▸ **Required action**
If pictures appear among the lines below, leave them out while you return exactly the lines from the one with "Nike Oregon Ducks" through the one with "More Photos Of".
-- Material provided follows --
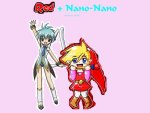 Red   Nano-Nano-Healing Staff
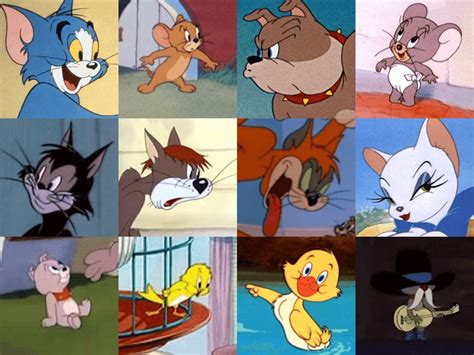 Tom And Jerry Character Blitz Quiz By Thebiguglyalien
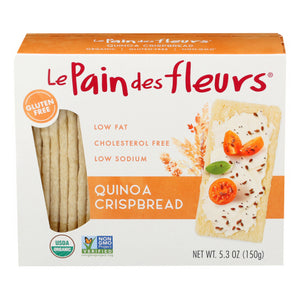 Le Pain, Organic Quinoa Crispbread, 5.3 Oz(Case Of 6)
-- Material provided concluded --
-- Material provided follows --
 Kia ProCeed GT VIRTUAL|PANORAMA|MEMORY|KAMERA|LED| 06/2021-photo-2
-- Material provided concluded --
-- Material provided follows --
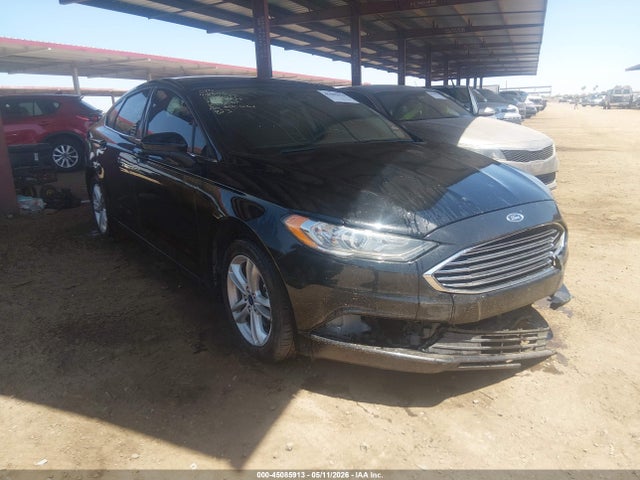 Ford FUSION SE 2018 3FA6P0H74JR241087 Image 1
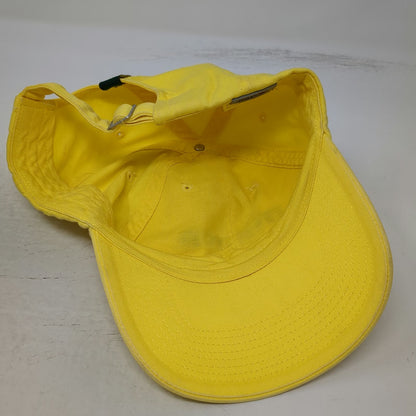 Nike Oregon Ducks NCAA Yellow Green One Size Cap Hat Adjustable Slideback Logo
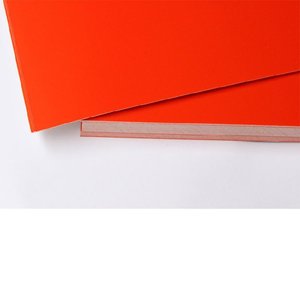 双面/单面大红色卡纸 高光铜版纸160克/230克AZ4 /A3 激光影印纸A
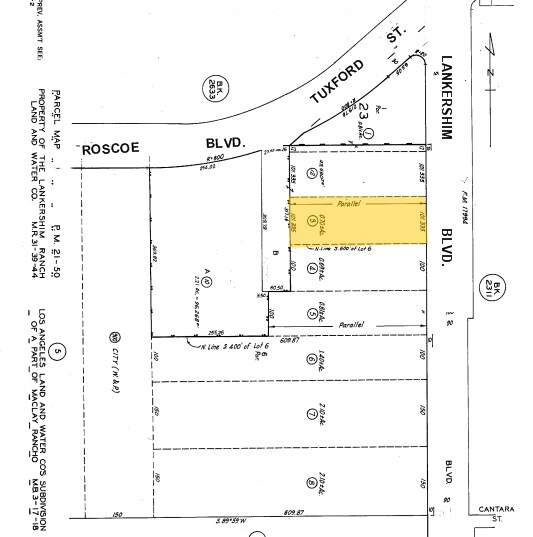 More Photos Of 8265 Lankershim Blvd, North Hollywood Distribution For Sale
-- Material provided concluded --
▸ **Response to the task**
 Nike Oregon Ducks NCAA Yellow Green One Size Cap Hat Adjustable Slideback Logo
 双面/单面大红色卡纸 高光铜版纸160克/230克AZ4 /A3 激光影印纸A
 More Photos Of 8265 Lankershim Blvd, North Hollywood Distribution For Sale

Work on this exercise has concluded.